Essay three - theoretical approaches to issues

The goal of Essay #3 is to take us one step closer to producing our final term paper by going a little bit deeper into an issue of interest to you. In the last essay, we produced an informative argument that attempted to clarify misconceptions and highlight the most important aspects of an issue. Basically, you created a framework to help an intelligent layperson first approach an issue from a specific angle. In this essay, we will focus less on explaining the broad outlines of a topic and instead provide a slightly more in-depth, less introductory account that presents one or several theoretical, critical, ideological, or ethical approaches to a particular issue. Your paper should pick both a specific theoretical approach or critical tradition and a specific issue, and it should make these as narrow and focused as possible. 

A theoretical paradigm is not the same thing as a stance. Rather, a paradigm represents a way of understanding an issue, one that informs one or several sets of underlying stances. The same stance or position can arise from very different theoretical approaches, and different stances or positions can arise from similar theoretical approaches. For example: if I were comparing different paradigms regarding the reform of Social Security, I might argue the following: "Although both parties favor reform of the system, a theoretical tension exists between the neoliberal and the social democratic understanding of what Social Security, and the welfare state more generally, are and should be.

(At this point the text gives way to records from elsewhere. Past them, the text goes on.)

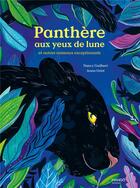 Couverture du livre « Panthère aux yeux de lune et autres animaux exceptionnels » de Nancy Guilbert et Anna Griot aux éditions Mango
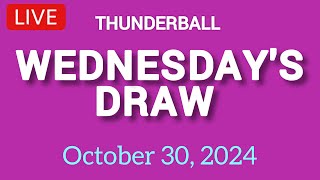 National Lottery Thunderball draw live tonight results from Wednesday 30 Oct 2024  thunderball [upl. by Elleral]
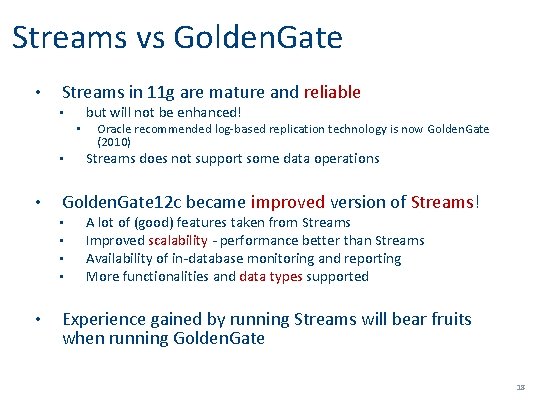 Streams vs Golden. Gate • Streams in 11 g are mature and reliable but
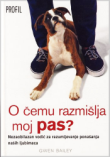 O čemu razmišlja moj pas?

Whereas neoliberal proponents of private accounts see Social Security as akin to an individual investment, and thus have no problem with the system leading to radically different payouts to beneficiaries depending on the performance of those accounts, social democratic proponents of changing merely the financing of Social Security see the program as part of the safety net designed to provide a minimum standard of retirement income regardless of how much an individual may have paid into the system before retirement. Both sides may favor public investment in private securities, but their different approaches lead to divergent plans for implementing this reform.
Bring a rough draft of the paper to class on Friday, March 27th. The final paper will be due Wednesday, April 1st by class time. The final draft should be 4-6 pages in 12 point Times New Roman Font with 1 inch margins. Use MLA to cite your sources, and use at least 3 peer-reviewed sources. Make sure that you use parenthetical citation to indicate whenever you are using information from one of your sources, and do not cite a source in the works cited unless you refer to it in the body of the essay. 

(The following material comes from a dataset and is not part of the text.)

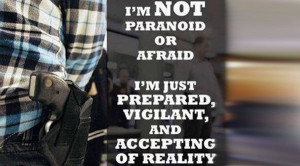 The answer is that I'm not paranoid. I'm not afraid. I carry a firearm ...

As you can see, once again it is best to focus on an aspect of an issue, and a paradigm or paradigms related thereto, that are as specific as possible. You are free to explore the implication of one theoretical approach, or you can compare and contrast many approaches. We have several examples of theoretical paradigms so far from our reading: Marxism, the cynical philosophy of Mandeville, the moral sense theory of Hutcheson that opposed it, and Smith's adaptation of his teacher's thinking into his own moral and economic thought. You could also, for example, adopt an Austrian approach to monetary policy, or you could compare that with the Keynesian approach--the only requirement is that the paradigm you adopt be an academic one. You could explore how modern philosophers in the tradition of Smith and Hutcheson approach a moral issue, or you could contrast the modern and the original approaches. You could also, for example, examine the Marxist take on the recent financial crisis. If you compare different perspectives, they need not be from radically different ideological camps. It would be perfectly acceptable to demonstrate how the same ideology can also lead to different policy prescriptions as a result of subtler differences.